[Available data]:
--- START ---

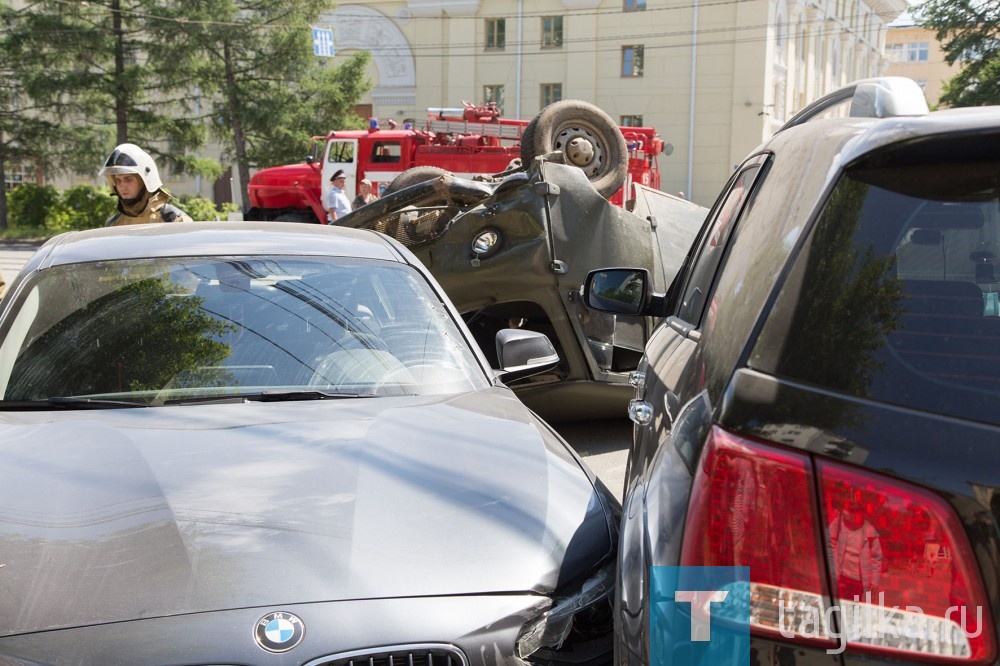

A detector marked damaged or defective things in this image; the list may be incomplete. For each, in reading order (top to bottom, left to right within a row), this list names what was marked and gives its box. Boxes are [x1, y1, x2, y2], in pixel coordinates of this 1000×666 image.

exposed tire [382, 165, 450, 195]
overturned vehicle [336, 101, 704, 418]
exposed tire [524, 98, 624, 197]
damaged car hood [0, 390, 612, 632]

--- END ---

[Task requirements]:
Set down every record once more, word for word, without pictures.

[Response area]:
A detector marked damaged or defective things in this image; the list may be incomplete. For each, in reading order (top to bottom, left to right within a row), this list names what was marked and gives its box. Boxes are [x1, y1, x2, y2], in pixel coordinates of this 1000×666 image.

exposed tire [382, 165, 450, 195]
overturned vehicle [336, 101, 704, 418]
exposed tire [524, 98, 624, 197]
damaged car hood [0, 390, 612, 632]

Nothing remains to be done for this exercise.